Unlike the original generator network, a CMSC strategy is used to extract the features from the input Mel spectrum. The multisized convolution kernels are used to process the input Mel spectrum, and the sum of these processed results is returned. Compared with the original convolutional layer with a fixed convolution kernel size to extract features from the Mel spectrum, CMSC can better capture the local features between different frames and interframe correlations of the Mel spectrum and express the feature information extracted from the Mel spectrum in a better way while providing sufficient information for the subsequent network learning. It thus improves the learning ability of the model. Besides, the original generators are composed of standard 1D convolutional layers except for a few transposed convolutional layers for upsampling. Inspired by the DSCs in images [23], in this paper, these standard 1D convolutions are replaced with 1D DSCs, which is expected to further compress the model size and speed the model inference without compromising the quality of the generated speech; making it significant for applications with limited hardware. It must be noted that DSC using weight normalization is equivalent to the depth-wise convolution and the pointwise convolution, which adopt weight normalization [24].

2.3.2. Discriminator

For generative adversarial networks, the discriminator primarily plays an adversarial training role for the generator by guiding the generator to generate more realistic data. Here, the discriminator of the model basically adopts the original configuration of the HiFi-GAN model, which has two discriminators: a multiperiod discriminator and a multiscale discriminator.

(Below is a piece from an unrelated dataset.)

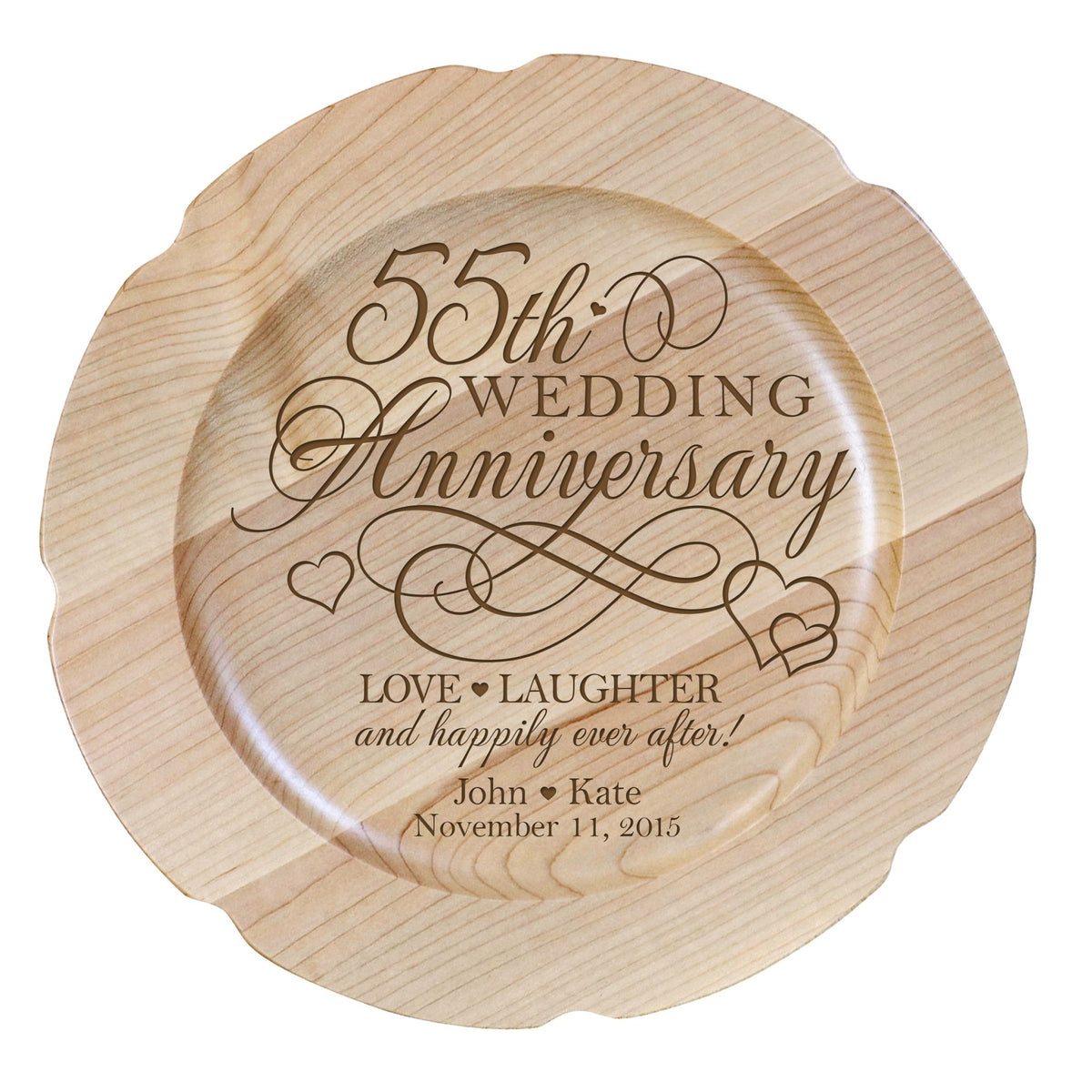 Personalized 55th Wedding Anniversary Decorative Plate - Celebrating - LifeSong Milestones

2.3.3. Multiperiod Discriminator

Figure 6 highlights the structure of the multiperiod discriminator (MPD). The left represents the overall structure, and the right represents the network structure of the subdiscriminator. The feature map represents the feature output of each network layer and is used in the feature matching loss in the next section. It comprises multiple subdiscriminators with the same network structure, and each subdiscriminator can capture a part of the periodic signal of the input speech to detect various potential periodic patterns in the speech data.

To realize that the subdiscriminator captures the periodic pattern in the speech signal, the subdiscriminators do not directly process the speech waveform but pad and reshape the speech waveform. Figure 7 highlights the case when the period parameter p is 3. For ensuring that each subdiscriminator only accepts equally spaced sampling points of the input speech waveform, the interval is represented by p. Thus, the original one-dimensional speech of length T is processed into two-dimensional data with height T/p and width p. Therefore, the MPD needs to use a two-dimensional convolutional neural network to process these data. Other than the last network layer, the other layers use two-dimensional stride convolutions, which only stride in height, and each convolution layer uses weight normalization. In each convolutional layer of MPD, the size of the width axis of the convolution kernel is limited to 1. This leads to an independent processing of the periodic speech samples in the width axis direction. Thus, each subdiscriminator can capture the underlying periodic patterns that differ from each other in the speech by observing different parts of the speech waveforms.

2.3.4. Multiscale Discriminator

Figure 8 shows the structure of the multi-scale discriminator (MSD). The left represents the overall structure, and the right represents the network structure of the subdiscriminator. The MSD is a combination of three discriminators with the same network structure but working at different scales: processing the raw speech, ×2 average-pooled audio, and ×4 average-pooled audio. To allow the use of larger-sized kernels while keeping a smaller number of parameters, the subdiscriminator employs grouped convolutions. Apart from applying spectral normalization [25] in the first subdiscriminator for raw speech processing, which is used here to help stabilize training, the other two sub-discriminators apply weight normalization.

2.4. Loss Function

The loss function can be categorized into three parts: adversarial loss, feature matching loss, and Mel spectrum loss.

2.4.1. Adversarial Loss

For the adversarial training objectives of the generator and discriminator, the settings of LSGAN models are followed. The discriminator classifies the speech samples, where the real speech is classified as 1, and the speech generated by the generator is classified as 0. The generator generates the speech according to the input conditions to deceive the discriminator, leading to an incorrect classification of type 1 in the generated speech. Eventually, the generator can achieve the effects of mixing the spurious with the genuine through the mutual game processing between the generator and the discriminator. The adversarial loss functions of the generator and discriminator are represented in equations (2) and (3), respectively.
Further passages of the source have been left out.